Möhner Matthias, Liu Yimeng, Marsh Gary M
1Federal Institute for Occupational Safety and Health, Berlin, Germany.
2Center for Occupational Biostatistics and Epidemiology and Department of Biostatistics, 7120 Graduate School of Public Health, University of Pittsburgh, 130 DeSoto Street, Pittsburgh, PA 15261 USA.
J Occup Med Toxicol. 2019 Feb 20;14:4. doi: 10.1186/s12995-019-0224-2. eCollection 2019.
Indications were found that a diagnostic bias could have contributed to the National Cancer Institute's (NCI) suggestion of a persistent increased mortality risk for nasopharyngeal cancer (NPC).
NCI provided the cohort data updated through 2004. We computed local county rate-based standardized mortality ratios (SMRs) for NPC and all other entities of the pharynx for two time periods. Moreover, SMRs were calculated for pharyngeal cancer in relation to study site by cumulative exposure to formaldehyde (FA).
Overall, our results corroborate the indications of a diagnostic bias by strong but contrary temporal trends for NPC and pharynx, not specified. Moreover, it was shown that mortality risks were increased in the Wallingford cohort for all pharyngeal cancer combined and for pharyngeal cancer excluding NPC. In contrast, no increased risks for these categories were found in the nine other study sites combined.
Our re-analysis provided little or no evidence to support NCI's suggestion of a persistent association between FA exposure and mortality from NPC.

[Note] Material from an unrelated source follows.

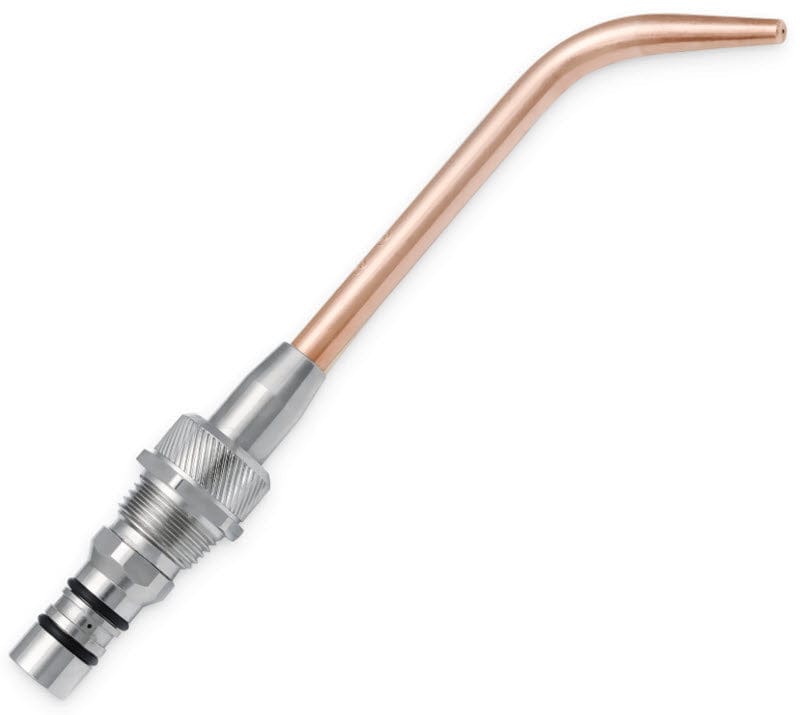 Smith Gas Apparatus Smith Welding - SW Series (Acetylene) SW203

有迹象表明,诊断偏差可能导致美国国立癌症研究所(NCI)提出鼻咽癌(NPC)死亡率持续上升的风险。
NCI提供了截至2004年更新的队列数据。我们计算了两个时间段内基于当地县发病率的鼻咽癌及咽部所有其他实体的标准化死亡率(SMR)。此外,根据甲醛(FA)的累积暴露量,计算了与研究地点相关的咽癌SMR。
总体而言,我们的结果通过鼻咽癌和未明确的咽部强烈但相反的时间趋势证实了诊断偏差的迹象。此外,研究表明,沃灵福德队列中所有咽癌合并病例以及排除鼻咽癌的咽癌病例的死亡风险均有所增加。相比之下,在其他九个研究地点的合并病例中未发现这些类别风险增加。
我们的重新分析几乎没有或没有证据支持NCI提出的FA暴露与鼻咽癌死亡率之间存在持续关联的建议。